What You Will Master
After reading this page, you will be able to:
- Define the Data Engineer role and distinguish it from MLE, MLOps, and Analytics Engineer
- Understand the DE interview loop and what each round evaluates
- Identify core skills: SQL, distributed systems, pipeline orchestration, data modeling
- Navigate career trajectories from junior DE to Staff/Principal
- Evaluate whether DE is the right entry point into AI for you
Self-Assessment: Where Are You Now?
| Skill Area | 1 (Weak) | 3 (Moderate) | 5 (Strong) | Your Rating |
|---|---|---|---|---|
| SQL | Basic SELECT | Window functions, CTEs | Query optimization, execution plans | ___ |
| Python | Basic scripting | Data processing, APIs | Production pipelines, async | ___ |
| Distributed systems (Spark, Kafka) | Never used | Basic Spark/Kafka | Optimize Spark jobs, design event systems | ___ |
| Data modeling | No experience | Basic schemas | Dimensional modeling, SCDs | ___ |
| Pipeline orchestration (Airflow, Dagster) | Never used | Built basic DAGs | Complex pipelines with retries, monitoring | ___ |
| Cloud data services | No experience | Basic usage | Optimize storage, partitioning, cost | ___ |
| Coding (DSA) | Can't solve Easy | Solve Medium in 30 min | Solve Medium-Hard consistently | ___ |
| Data quality | No experience | Basic assertions | Data contracts, quality monitoring, lineage | ___ |
Part 1 - What a Data Engineer Actually Does
"A Data Engineer builds the data foundation that everything else runs on. I design and maintain pipelines that ingest data from dozens of sources, transform it into usable formats, and serve it to ML engineers for training, analysts for dashboards, and products for real-time features. My core concerns are reliability (data arrives on time), quality (data is accurate and complete), and scale (handling terabytes to petabytes efficiently). Without solid data engineering, ML models train on stale or incorrect data, analysts make decisions on wrong numbers, and products serve broken experiences."
How DE Fits in the AI Ecosystem
DE vs.
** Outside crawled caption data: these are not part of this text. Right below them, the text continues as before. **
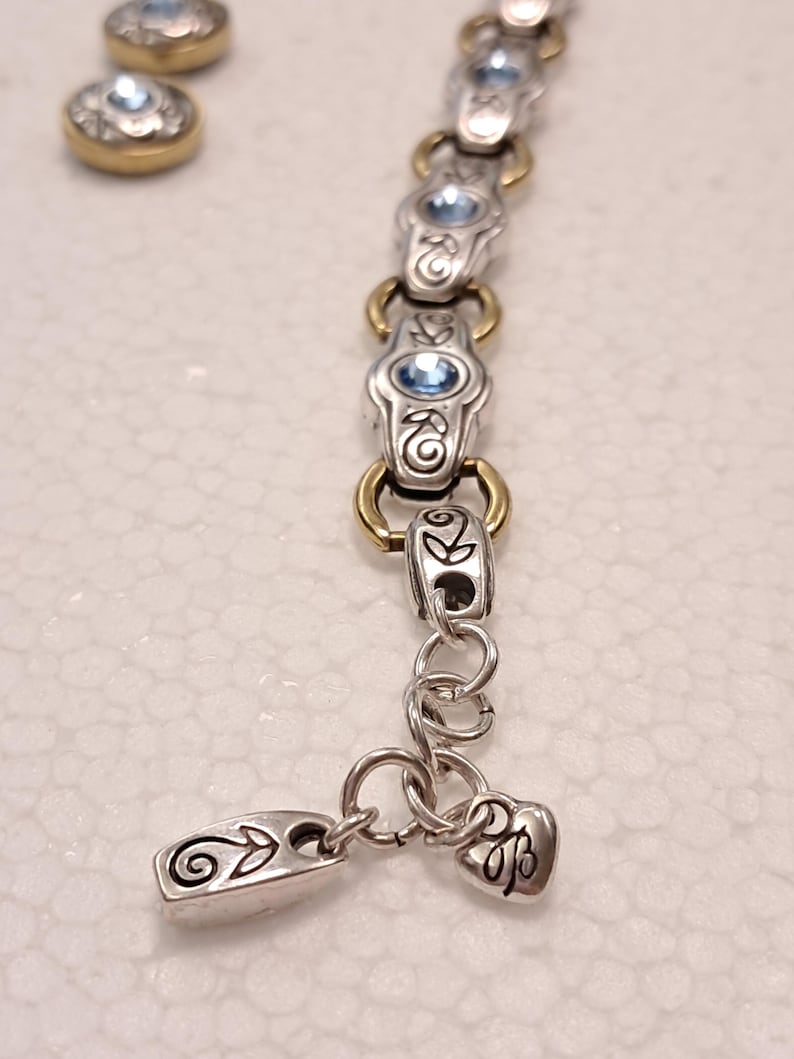 May include: Silver bracelet with gold-coloured accents and light blue gemstones. The bracelet has decorative links and a heart-shaped charm. Two matching stud earrings with blue gemstones are also visible.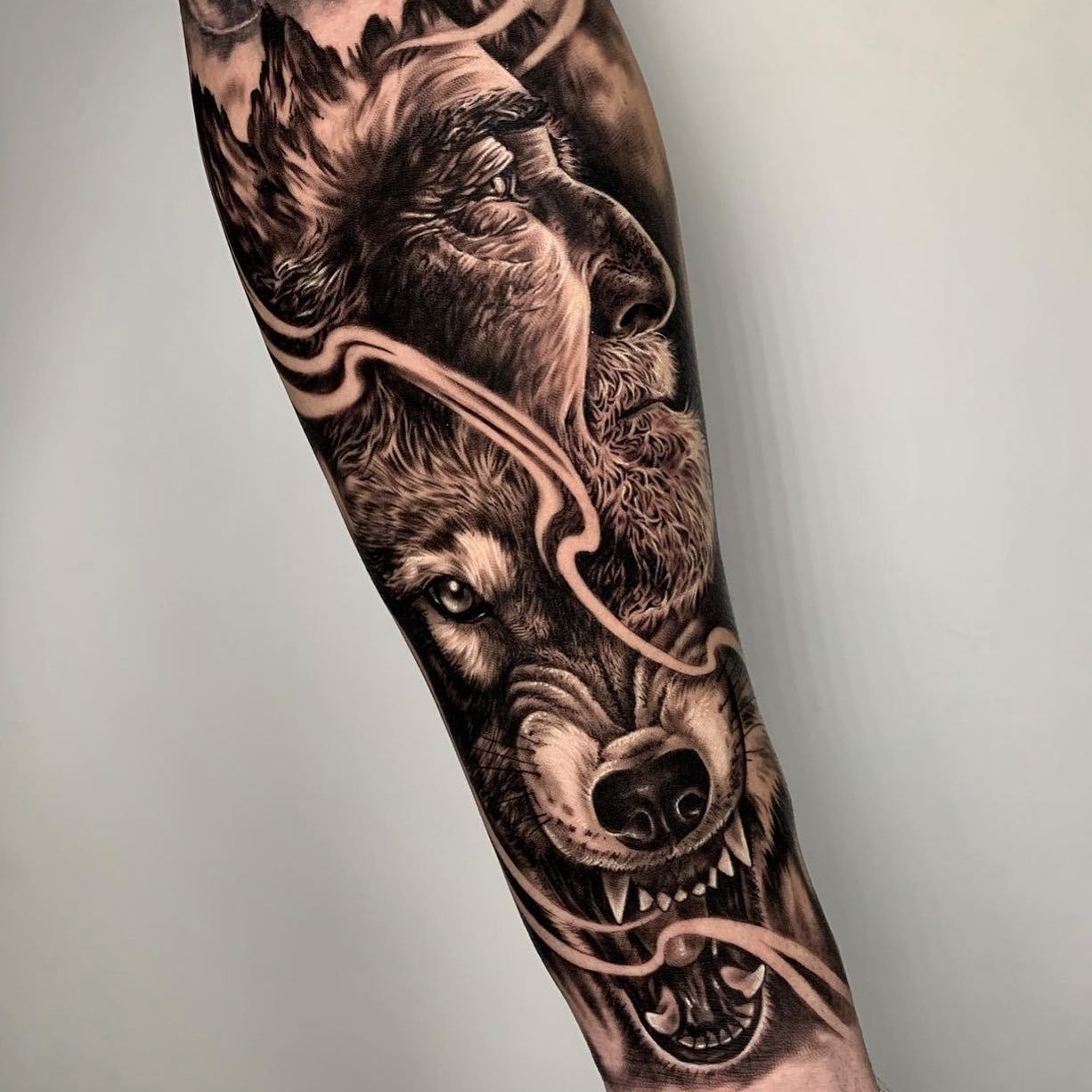 Un tatuaje en blanco y negro de un lobo y un hombre en un antebrazo.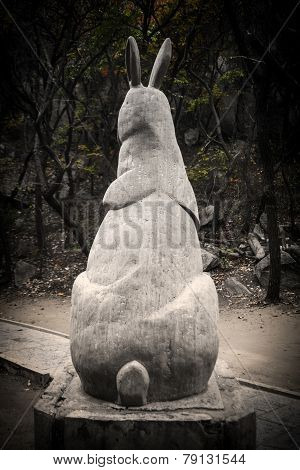 statue of the back of a giant rabbit in a national park
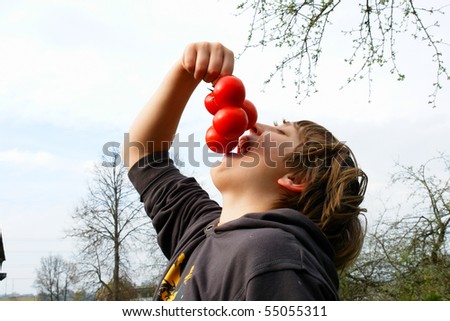 The boy wants to try the tasty tomato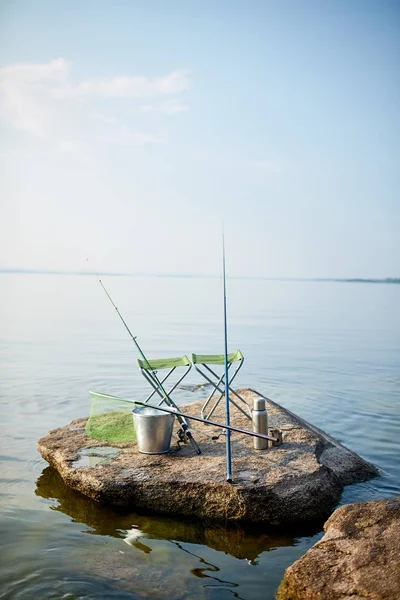 Image Two Empty Seats Fishing Rods Gear Rock Island Still — Stock Photo, Image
Adjacent Roles
| Dimension | Data Engineer | MLOps Engineer | Analytics Engineer |
|---|---|---|---|
| Builds | Data pipelines, warehouses | Model pipelines, serving infra | Transformed datasets, dashboards |
| Key tool | Spark, Airflow, Kafka | Kubeflow, MLflow, K8s | dbt, SQL, Looker |
| Cares about | Data freshness, quality, scale | Model freshness, serving latency | Analyst usability, metric definitions |
| ML knowledge | Light (understands data needs) | Moderate (understands pipeline) | Light (understands metrics) |
In DE interviews, I look for someone who thinks about data holistically: not just "can you write a pipeline" but "can you design a data platform that's reliable, scalable, well-documented, and easy for downstream consumers to use?" The best candidates talk about data contracts, lineage, freshness SLAs, and quality monitoring without being prompted.
Part 2 - The DE Interview Loop
| Round | Duration | Focus |
|---|---|---|
| SQL Deep Dive | 45-60 min | Complex queries, optimization, window functions |
| Coding | 45-60 min | Python/DSA, data processing problems |
| System Design | 45-60 min | Data pipeline architecture, warehouse design |
| Data Modeling | 45-60 min | Schema design, dimensional modeling, trade-offs |
| Behavioral | 45-60 min | Data quality incidents, cross-team collaboration |
Key Differences from Other Role Interviews
| Aspect | DE | MLE | MLOps |
|---|---|---|---|
| SQL depth | 2 rounds, very deep | 0-1 rounds, basic | 0-1 rounds, basic |
| System design focus | Data pipeline + warehouse | ML system (rec, fraud) | ML platform (registry, serving) |
| Unique round | Data modeling | Paper discussion | Incident response |
- Google: Strong coding bar, distributed systems (MapReduce concepts). System design for data is key.
- Meta: SQL-heavy (expect 2 SQL rounds). Data warehouse design is critical.
- Netflix: "Analytics Engineer" title. dbt, SQL, data modeling.
- Startups: "Build our data stack from scratch." Breadth over depth.
- Finance: Data governance, compliance, lineage tracking. Regulatory requirements drive design.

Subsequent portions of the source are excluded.